Pubdate: Tue,  7 Mar 2006
Source: San Jose Mercury News (CA)
Copyright: 2006 San Jose Mercury News
Contact:  http://www.mercurynews.com/
Details: http://www.mapinc.org/media/390
Author: Drew Brown
Bookmark: http://www.mapinc.org/heroin.htm (Heroin)

NATO: DRUG TRADE BIGGER THREAT THAN INSURGENCY IN AFGHANISTAN

WASHINGTON - The top military commander of the North Atlantic Treaty 
Organization said Monday that the narcotics trade poses a greater 
threat to Afghanistan than a rekindled insurgency by Taliban and 
Al-Qaida fighters.

Marine Corps Gen.
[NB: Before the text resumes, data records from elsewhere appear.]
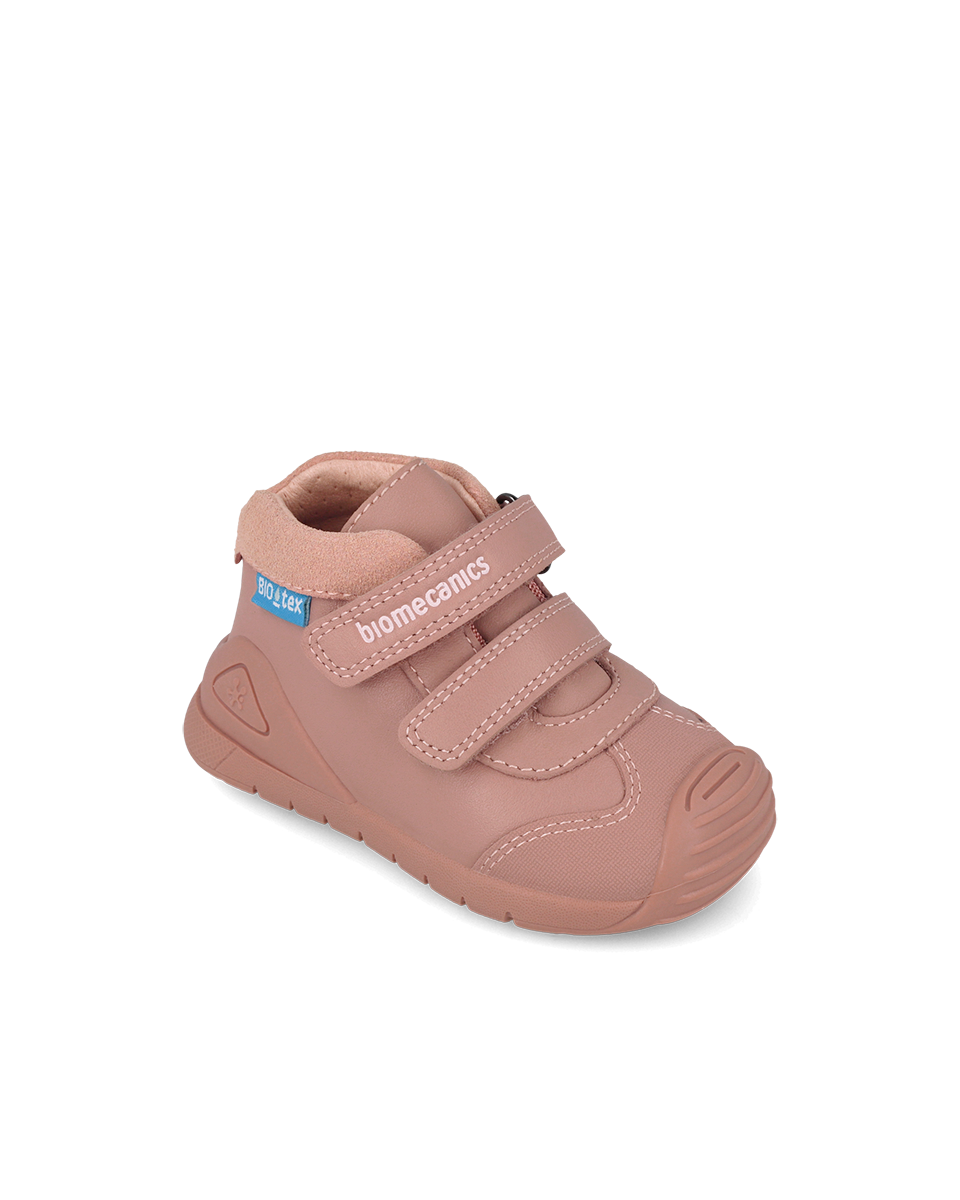 Biomecanics Biogateo Cuir - Camélia — chaussure bébé premiers pas (photo 4)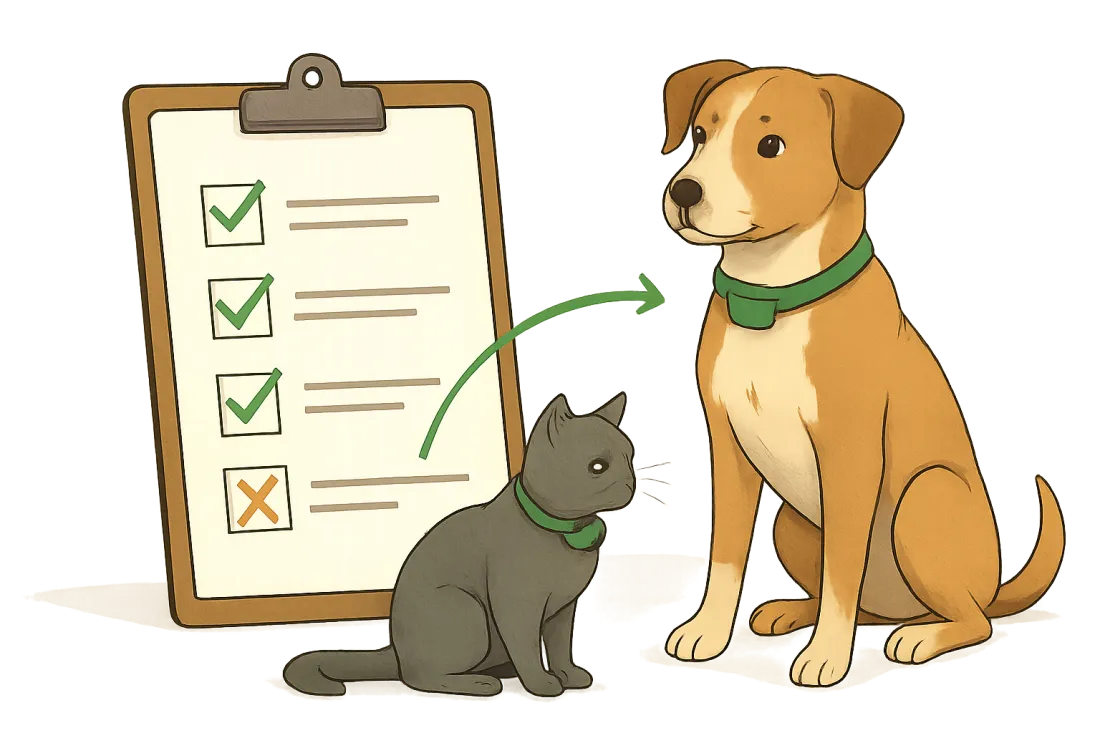 How pet temperament affects training and behaviour: practical checklist before acting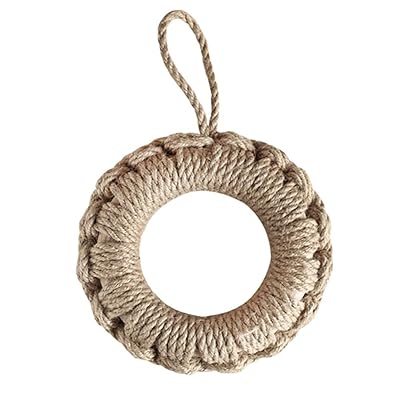 鍋敷き （小：内径約8cm）釜敷き なべしき おしゃれ 耐熱 フック付き 自然素材 天然 ナチュラル 鉄瓶 ..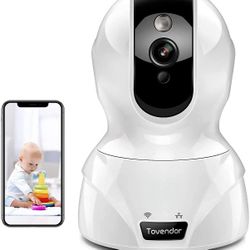 1080P WiFi Baby Monitor / Security Camera - Brand New - Original Pack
James Jones, NATO's supreme commander, said he 
doesn't believe Taliban and Al-Qaida remnants can "restart an 
insurgency of any size or major scope," but that they're part of a 
"wider span of problems" that includes the opium trade and rampant criminality.

The government of Afghan President Hamid Karzai undertook an opium 
eradication program in 2004, and last year Afghanistan experienced a 
21 percent decline in land devoted to poppy cultivation, the first 
since 2001. But opium production is likely to rise again this year, 
according to a U.N. report issued Monday.

The U.N. report, based on a survey carried out in December and 
January, said poppy cultivation is increasing in 13 Afghan provinces, 
remaining the same in 16 and decreasing in three.

Despite last year's decrease in overall land devoted to poppies, good 
weather and a low incidence of plant disease yielded a bumper crop of 
opium, the United Nations reported in November.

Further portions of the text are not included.